Description: Define the class abstraction (class builder) of a collection of nested ordered pairs (for use in defining operations). This is a special case of Definition 4.16 of TakeutiZaring p. 14. Normally x , y , and z are distinct, although the definition doesn't strictly require it.
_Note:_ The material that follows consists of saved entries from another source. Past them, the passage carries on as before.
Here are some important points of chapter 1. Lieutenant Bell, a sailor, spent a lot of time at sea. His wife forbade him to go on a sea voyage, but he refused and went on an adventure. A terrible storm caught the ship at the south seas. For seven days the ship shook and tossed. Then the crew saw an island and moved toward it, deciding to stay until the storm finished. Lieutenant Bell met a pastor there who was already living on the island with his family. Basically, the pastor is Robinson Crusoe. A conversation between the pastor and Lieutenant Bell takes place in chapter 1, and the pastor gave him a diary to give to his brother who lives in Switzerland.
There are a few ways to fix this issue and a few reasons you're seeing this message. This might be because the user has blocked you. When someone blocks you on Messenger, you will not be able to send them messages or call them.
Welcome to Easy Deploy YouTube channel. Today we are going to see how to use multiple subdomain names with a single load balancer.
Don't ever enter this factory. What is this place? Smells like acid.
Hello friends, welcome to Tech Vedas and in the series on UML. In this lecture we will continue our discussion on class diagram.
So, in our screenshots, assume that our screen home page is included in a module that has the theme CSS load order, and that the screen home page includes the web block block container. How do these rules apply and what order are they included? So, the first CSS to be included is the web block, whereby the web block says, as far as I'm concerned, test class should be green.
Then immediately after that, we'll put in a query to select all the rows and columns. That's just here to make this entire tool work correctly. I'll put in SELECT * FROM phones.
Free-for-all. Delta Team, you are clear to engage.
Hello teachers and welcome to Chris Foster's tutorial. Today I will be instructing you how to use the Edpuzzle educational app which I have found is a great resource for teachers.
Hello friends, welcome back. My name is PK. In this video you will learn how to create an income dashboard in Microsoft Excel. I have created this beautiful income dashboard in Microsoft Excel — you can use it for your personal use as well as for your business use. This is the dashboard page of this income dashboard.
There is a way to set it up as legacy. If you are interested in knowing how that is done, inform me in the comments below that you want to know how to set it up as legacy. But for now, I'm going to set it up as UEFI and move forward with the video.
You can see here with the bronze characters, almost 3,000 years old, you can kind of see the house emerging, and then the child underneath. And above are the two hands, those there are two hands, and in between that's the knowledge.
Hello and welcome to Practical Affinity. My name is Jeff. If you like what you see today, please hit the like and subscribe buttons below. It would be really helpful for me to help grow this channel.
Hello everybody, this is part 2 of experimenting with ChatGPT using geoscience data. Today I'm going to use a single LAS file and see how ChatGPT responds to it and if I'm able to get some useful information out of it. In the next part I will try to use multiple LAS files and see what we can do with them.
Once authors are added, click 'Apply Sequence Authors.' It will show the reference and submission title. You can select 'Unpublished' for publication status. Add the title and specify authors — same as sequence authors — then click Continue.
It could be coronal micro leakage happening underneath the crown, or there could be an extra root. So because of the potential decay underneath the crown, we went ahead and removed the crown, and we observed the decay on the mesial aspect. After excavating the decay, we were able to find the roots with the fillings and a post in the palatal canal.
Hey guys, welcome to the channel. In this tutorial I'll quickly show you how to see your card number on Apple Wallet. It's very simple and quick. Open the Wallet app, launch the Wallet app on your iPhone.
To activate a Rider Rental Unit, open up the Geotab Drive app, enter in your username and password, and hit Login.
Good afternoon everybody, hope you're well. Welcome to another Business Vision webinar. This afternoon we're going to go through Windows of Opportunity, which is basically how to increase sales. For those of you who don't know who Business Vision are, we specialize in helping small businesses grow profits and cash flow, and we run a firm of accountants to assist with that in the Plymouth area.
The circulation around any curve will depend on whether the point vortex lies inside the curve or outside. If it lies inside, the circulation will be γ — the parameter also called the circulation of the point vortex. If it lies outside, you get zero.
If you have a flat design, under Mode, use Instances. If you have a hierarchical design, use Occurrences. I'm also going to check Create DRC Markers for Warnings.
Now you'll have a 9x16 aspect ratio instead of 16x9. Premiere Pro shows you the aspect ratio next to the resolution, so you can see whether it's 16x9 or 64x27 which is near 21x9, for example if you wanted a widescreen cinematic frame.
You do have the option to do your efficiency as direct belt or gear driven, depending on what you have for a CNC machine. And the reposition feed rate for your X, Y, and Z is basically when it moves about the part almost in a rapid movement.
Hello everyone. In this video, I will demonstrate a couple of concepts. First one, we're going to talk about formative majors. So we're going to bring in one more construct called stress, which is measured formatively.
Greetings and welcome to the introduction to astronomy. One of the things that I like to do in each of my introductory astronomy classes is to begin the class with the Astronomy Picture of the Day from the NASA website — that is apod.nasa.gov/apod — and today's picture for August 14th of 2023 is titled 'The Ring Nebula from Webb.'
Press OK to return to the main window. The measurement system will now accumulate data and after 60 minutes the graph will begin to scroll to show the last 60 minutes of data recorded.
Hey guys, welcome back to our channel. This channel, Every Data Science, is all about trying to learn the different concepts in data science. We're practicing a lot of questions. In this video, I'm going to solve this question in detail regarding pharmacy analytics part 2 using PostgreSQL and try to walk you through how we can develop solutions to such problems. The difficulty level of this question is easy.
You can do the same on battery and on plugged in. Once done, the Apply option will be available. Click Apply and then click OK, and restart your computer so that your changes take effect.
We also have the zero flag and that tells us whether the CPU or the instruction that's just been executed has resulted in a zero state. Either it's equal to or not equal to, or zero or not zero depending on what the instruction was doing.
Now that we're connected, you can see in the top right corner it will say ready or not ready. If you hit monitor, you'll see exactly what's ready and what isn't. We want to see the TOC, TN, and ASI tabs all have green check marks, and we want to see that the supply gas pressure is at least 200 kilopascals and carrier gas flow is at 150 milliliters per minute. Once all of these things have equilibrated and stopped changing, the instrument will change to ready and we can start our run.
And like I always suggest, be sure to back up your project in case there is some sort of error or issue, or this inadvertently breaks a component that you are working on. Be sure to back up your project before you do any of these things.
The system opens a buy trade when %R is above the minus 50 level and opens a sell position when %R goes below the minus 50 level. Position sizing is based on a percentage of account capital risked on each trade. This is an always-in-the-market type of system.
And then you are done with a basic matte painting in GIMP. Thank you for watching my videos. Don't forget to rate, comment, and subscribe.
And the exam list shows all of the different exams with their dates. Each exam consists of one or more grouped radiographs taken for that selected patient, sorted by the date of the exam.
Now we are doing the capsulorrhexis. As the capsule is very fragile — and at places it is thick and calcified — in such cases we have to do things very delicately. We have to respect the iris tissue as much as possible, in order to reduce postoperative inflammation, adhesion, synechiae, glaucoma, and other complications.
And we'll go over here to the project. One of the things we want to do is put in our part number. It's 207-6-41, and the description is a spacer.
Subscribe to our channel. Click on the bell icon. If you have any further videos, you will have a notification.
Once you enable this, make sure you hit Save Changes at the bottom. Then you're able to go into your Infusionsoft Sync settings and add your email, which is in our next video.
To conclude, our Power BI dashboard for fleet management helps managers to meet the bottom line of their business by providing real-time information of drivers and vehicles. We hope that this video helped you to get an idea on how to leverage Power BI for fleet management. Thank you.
See df-ov for the value of an operation. The brace notation is called "class abstraction" by Quine; it is also called a "class builder" in the literature. The value of an operation given by a class abstraction is given by ovmpo . (Contributed by NM, 12-Mar-1995)
| Ref | Expression | ||
|---|---|---|---|
| Assertion | df-oprab | ⊢ { ⟨ ⟨ 𝑥 , 𝑦 ⟩ , 𝑧 ⟩ ∣ 𝜑 } = { 𝑤 ∣ ∃ 𝑥 ∃ 𝑦 ∃ 𝑧 ( 𝑤 = ⟨ ⟨ 𝑥 , 𝑦 ⟩ , 𝑧 ⟩ ∧ 𝜑 ) } |
| Step | Hyp | Ref | Expression |
|---|---|---|---|
| 0 | vx | ⊢ 𝑥 | |
| 1 | vy | ⊢ 𝑦 | |
| 2 | vz | ⊢ 𝑧 | |
| 3 | wph | ⊢ 𝜑 | |
| 4 | 3 0 1 2 | coprab | ⊢ { ⟨ ⟨ 𝑥 , 𝑦 ⟩ , 𝑧 ⟩ ∣ 𝜑 } |
| 5 | vw | ⊢ 𝑤 | |
| 6 | 5 | cv | ⊢ 𝑤 |
| 7 | 0 | cv | ⊢ 𝑥 |
| 8 | 1 | cv | ⊢ 𝑦 |
| 9 | 7 8 | cop | ⊢ ⟨ 𝑥 , 𝑦 ⟩ |
| 10 | 2 | cv | ⊢ 𝑧 |
| 11 | 9 10 | cop | ⊢ ⟨ ⟨ 𝑥 , 𝑦 ⟩ , 𝑧 ⟩ |
| 12 | 6 11 | wceq | ⊢ 𝑤 = ⟨ ⟨ 𝑥 , 𝑦 ⟩ , 𝑧 ⟩ |
| 13 | 12 3 | wa | ⊢ ( 𝑤 = ⟨ ⟨ 𝑥 , 𝑦 ⟩ , 𝑧 ⟩ ∧ 𝜑 ) |
| 14 | 13 2 | wex | ⊢ ∃ 𝑧 ( 𝑤 = ⟨ ⟨ 𝑥 , 𝑦 ⟩ , 𝑧 ⟩ ∧ 𝜑 ) |
| 15 | 14 1 | wex | ⊢ ∃ 𝑦 ∃ 𝑧 ( 𝑤 = ⟨ ⟨ 𝑥 , 𝑦 ⟩ , 𝑧 ⟩ ∧ 𝜑 ) |
| 16 | 15 0 | wex | ⊢ ∃ 𝑥 ∃ 𝑦 ∃ 𝑧 ( 𝑤 = ⟨ ⟨ 𝑥 , 𝑦 ⟩ , 𝑧 ⟩ ∧ 𝜑 ) |
| 17 | 16 5 | cab | ⊢ { 𝑤 ∣ ∃ 𝑥 ∃ 𝑦 ∃ 𝑧 ( 𝑤 = ⟨ ⟨ 𝑥 , 𝑦 ⟩ , 𝑧 ⟩ ∧ 𝜑 ) } |
| 18 | 4 17 | wceq | ⊢ { ⟨ ⟨ 𝑥 , 𝑦 ⟩ , 𝑧 ⟩ ∣ 𝜑 } = { 𝑤 ∣ ∃ 𝑥 ∃ 𝑦 ∃ 𝑧 ( 𝑤 = ⟨ ⟨ 𝑥 , 𝑦 ⟩ , 𝑧 ⟩ ∧ 𝜑 ) } |